WPCV
- Winter Haven, Florida; United States;
- Broadcast area: Central Florida (Lakeland; Orlando)
- Frequency: 97.5 MHz
- Branding: 97.5 WPCV

Programming
- Format: Country

Ownership
- Owner: MARC Media Group (MARC Radio Lakeland, LLC)
- Sister stations: WLKF; WONN;

History
- First air date: February 7, 1963 (as WINT-FM)
- Former call signs: WINT-FM (1963–1967); WXKL (1967–1972); WHFL (1972–1975);
- Call sign meaning: "Polk County's Voice"

Technical information
- Licensing authority: FCC
- Facility ID: 25872
- Class: C0
- ERP: 100,000 watts
- HAAT: 310 meters (1,020 ft)
- Transmitter coordinates: 28°7′36.1″N 81°33′2.3″W﻿ / ﻿28.126694°N 81.550639°W

Links
- Public license information: Public file; LMS;
- Webcast: Listen live
- Website: www.97country.com

= WPCV =

WPCV (97.5 MHz) is a commercial FM radio station, licensed to Winter Haven and serving Central Florida. It has a country music radio format and is owned and operated by MARC Media Group. The studios and offices are in Lakeland.

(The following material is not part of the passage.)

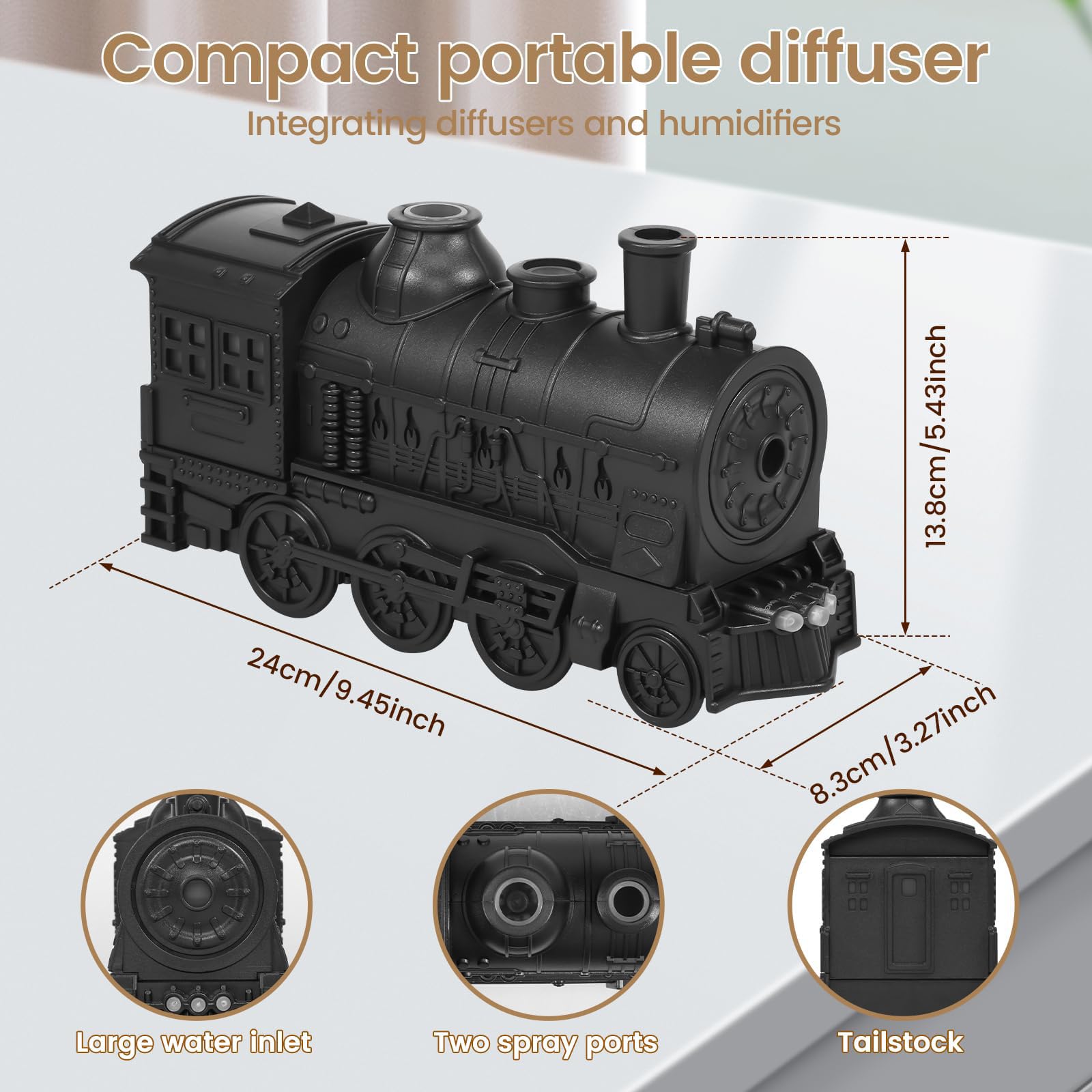 Difusor de Aceite Esencial de Tren de Vapor, humidificador de Aire de 300 ml en Forma de Tren con Control Remoto, difusor de Tren de Vapor silencioso 2 Modos de nebulización Green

While the station predominantly covers Polk County, WPCV‘s signal also blankets the Greater Orlando area (where it competes with WWKA) and can be heard clearly in the eastern part of the Tampa Bay area and south to Sebring. with its transmitter on Cypress Parkway in Haines City. It has an effective radiated power (ERP) of 100,000 watts, the maximum for non-grandfathered FM stations. The tower has a height above average terrain (HAAT) of 310 m, making WPCV one of few radio stations in Central Florida to reach both Atlantic and Gulf coasts.

==History==
On February 7, 1963, the station signed on the air as WINT-FM, the FM sister station of WINT (1360 AM). In 1967, the station became WXKL, with a beautiful music format. It played quarter hour sweeps of mostly instrumental cover versions of popular songs, with some Hollywood and Broadway show tunes. In 1972, the call letters switched to WHFL.

In 1975, the station flipped to country music. To go along with the new format, it switched to its current call sign, WPCV, which stands for "Polk County's Voice".

On February 12, 2026, a press release from MARC Radio Group announced that they would be acquiring all of Hall Communications' Florida radio stations.